Let $\Omega$ be the universe of elements and $f$ a function defined on subsets
of $\Omega$: $f : S \in 2^{[\Omega]} \mapsto f(S) \in \mathbb{R}$. Let $K$ be a
collection of sets of $2^{[\Omega]}$, which we call \emph{constraints}. Let
$S^*_K$ be any solution to $\max_{S \in K} f(S)$, which we will also denote by
$S^*$ when there is no ambiguity. Let $L$ be the problem size, which is often
(but not always) equal to $|\Omega|$.

In general, we say we can efficiently optimize a function $f$ under constraint
$K$ when we have a polynomial-time algorithm making adaptive value queries to
$f$,which returns a set $S$ such that $S \in K$ and $f(S) \geq \alpha f(S^*)$
with high probability and $\alpha$ an absolute constant.
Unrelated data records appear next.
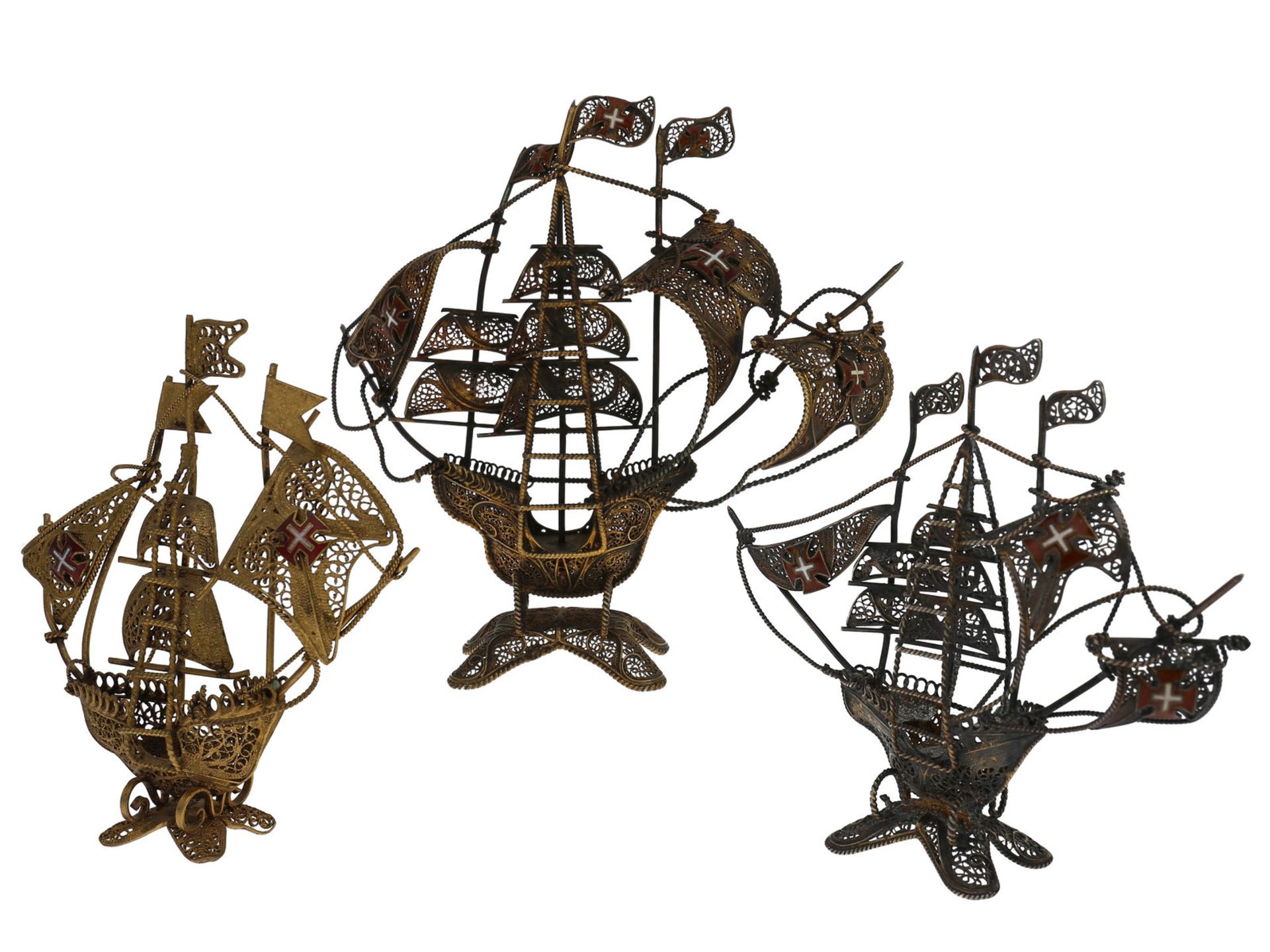 Schiffsmodel: interessantes Konvolut von 3 antiken Schiffsmodellen, vermutlich Portugal um 19202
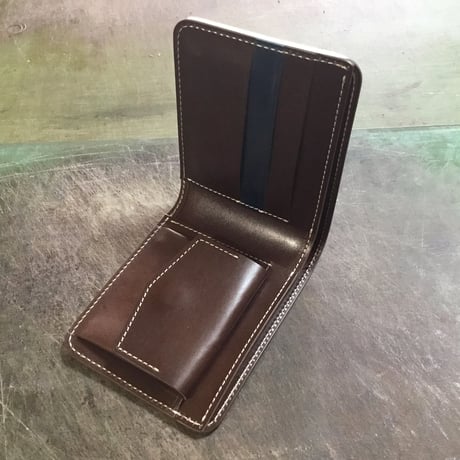 ネイビーオイルコードバン×チョコ色牛革 二つ折り財布 小銭入れあり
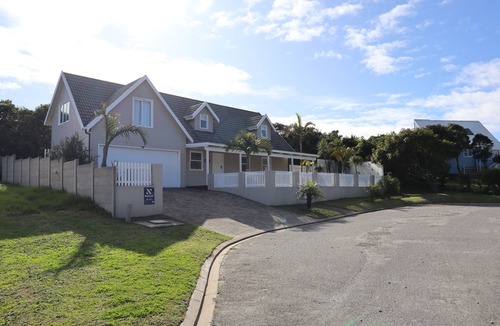 Wilderness House | Stylish & Cozy House - 5min from the beach!
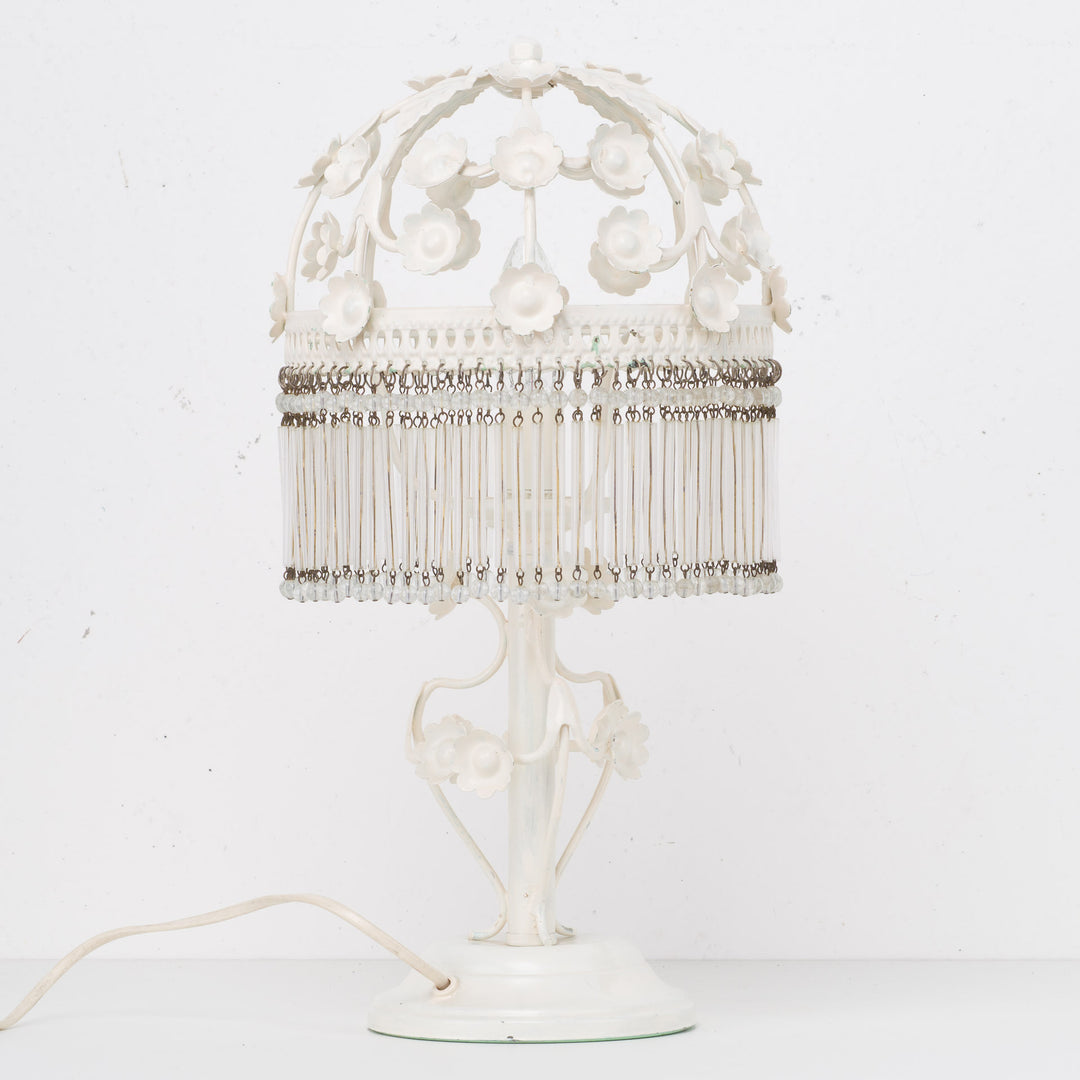 Vintage witte smeedijzeren lamp – romantisch bloemmotief met glaskralen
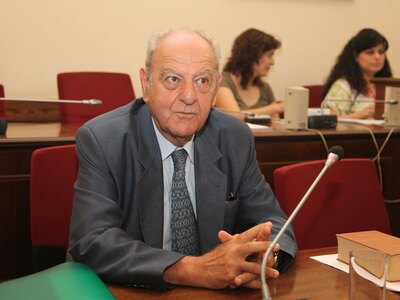 "Πυρά" Ζορμπά στην εξεταστική ...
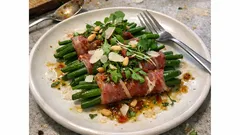 Bohnen im Parmaschinken-Mantel – knackiges Fingerfood mit Kräuter-Tomaten-Dressing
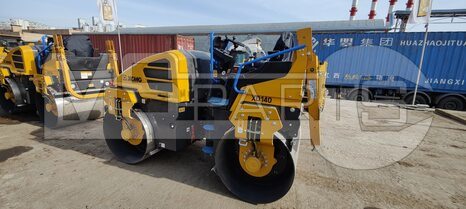 Фото: Каток тандемный XCMG XD140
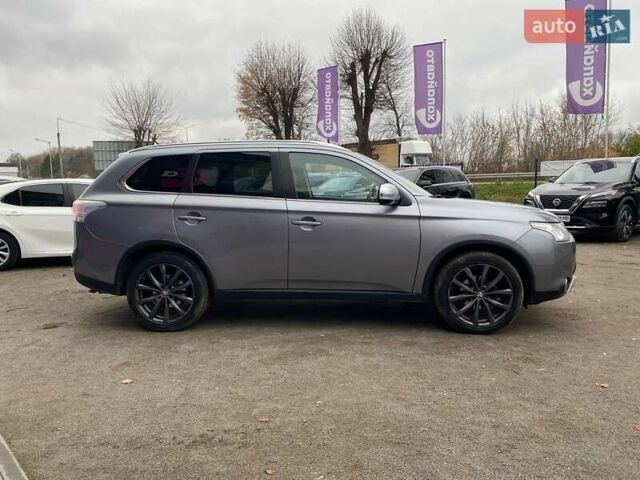 Серый Мицубиси Аутлендер, объемом двигателя 2.3 л и пробегом 262 тыс. км за 16500 $, фото 3 на Automoto.ua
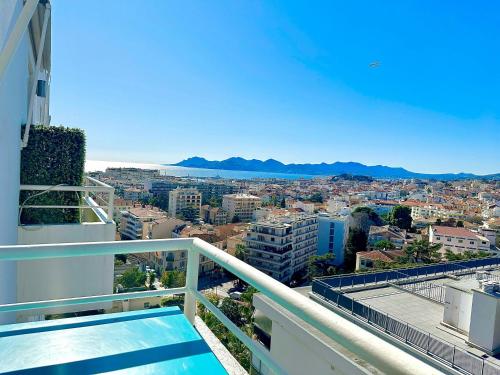 Vue mer 2 chambres Gallia Centre Cannes parking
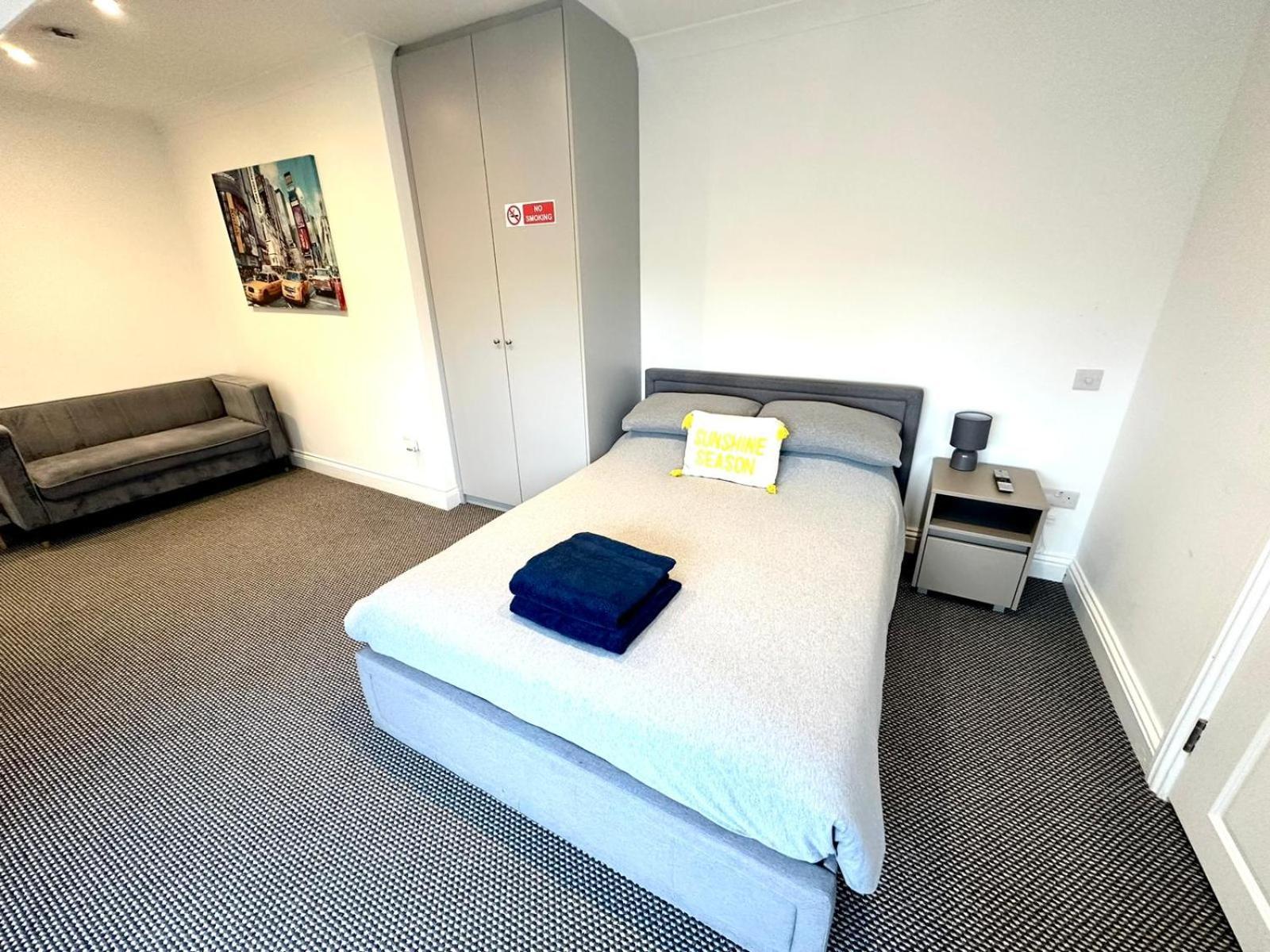 Stylish Modern, Private Apartment,15 Mins To Central London Hendon Eksteriør bilde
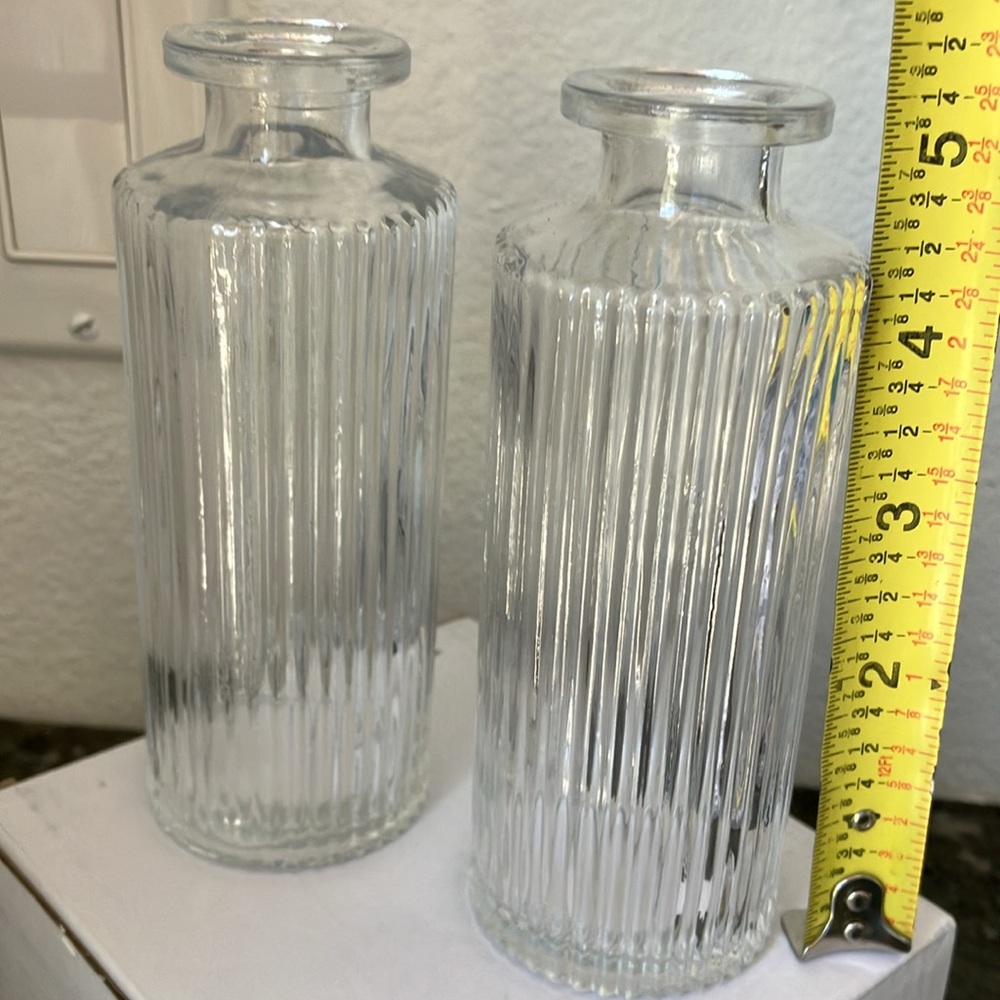 Glass Vases - Set of 2 - Picture 5 of 7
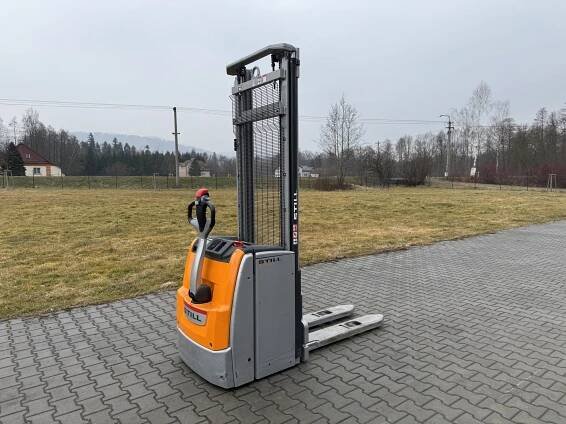 Ručně vedený elektrický vysokozdvižný vozík STILL EXV 16 | Zdvižky.cz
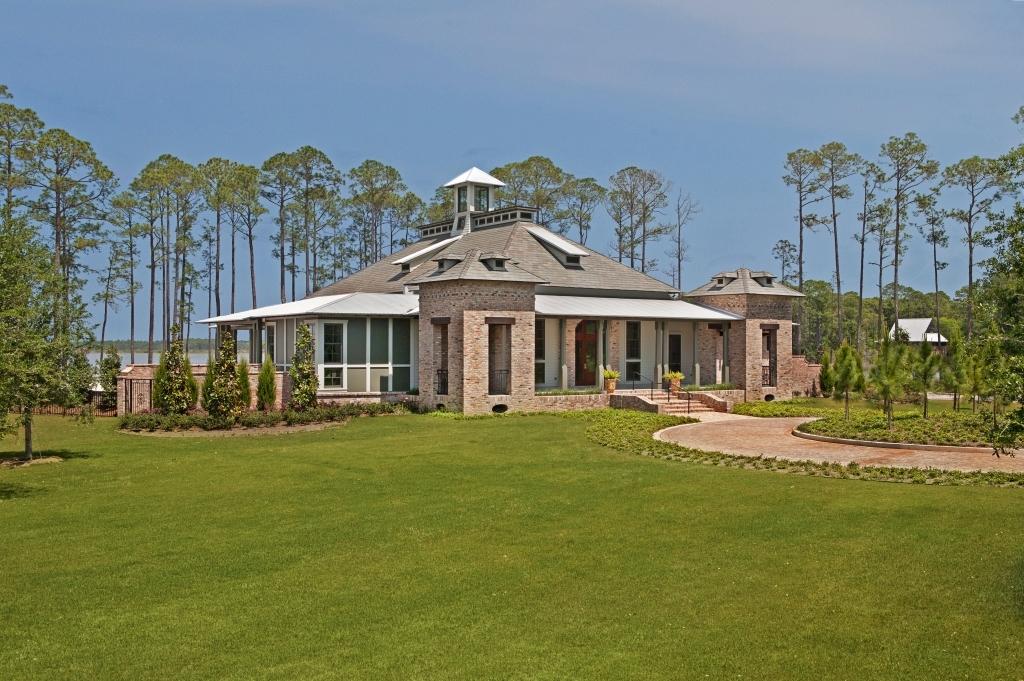 CHURCHILL OAKS - Residential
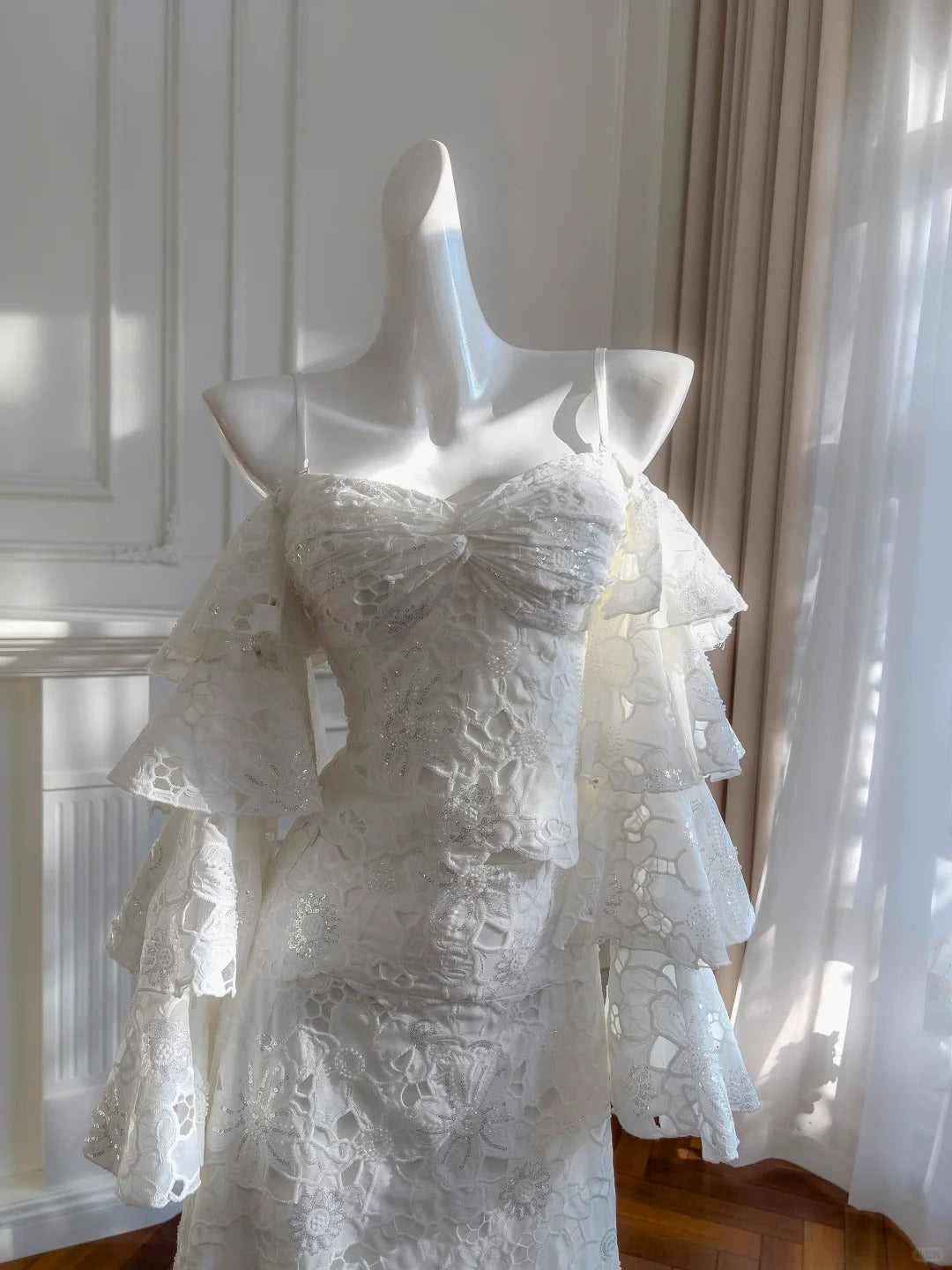 Elegant White Mermaid Strapless Off-The-Shoulder Lace Long Classy Prom Dress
Here, we consider the scenario where we cannot make adaptive value queries, and
in fact, where we cannot make queries at all! Instead, we suppose that we
observe a polynomial number of set-value pairs $(S, f(S))$ where $S$ is taken
from a known distribution $D$. We say we can efficiently \emph{passively
optimize} $f$ under distribution $D$ or $D-$optimize $f$ under constraints $K$
when, after observing ${\cal O}(L^c)$ set-value pairs from $D$ where $c > 0$ is
an absolute constant, we can return a set $S$ such that $S \in K$ and $f(S)
\geq \alpha f(S^*)$ with high probability and $\alpha$ an absolute constant.

In the case of \emph{passive} observations of set-value pairs under a
distribution $D$ for a function $f$, recent research has focused on whether we
can efficiently and approximately \emph{learn} $f$. This was formalized in the
PMAC model from \cite{balcan2011learning}. When thinking about passive
optimization, it is necessary to understand the link between being able to
 $D-PMAC$ learn $f$ and being able to $D-$optimize $f$.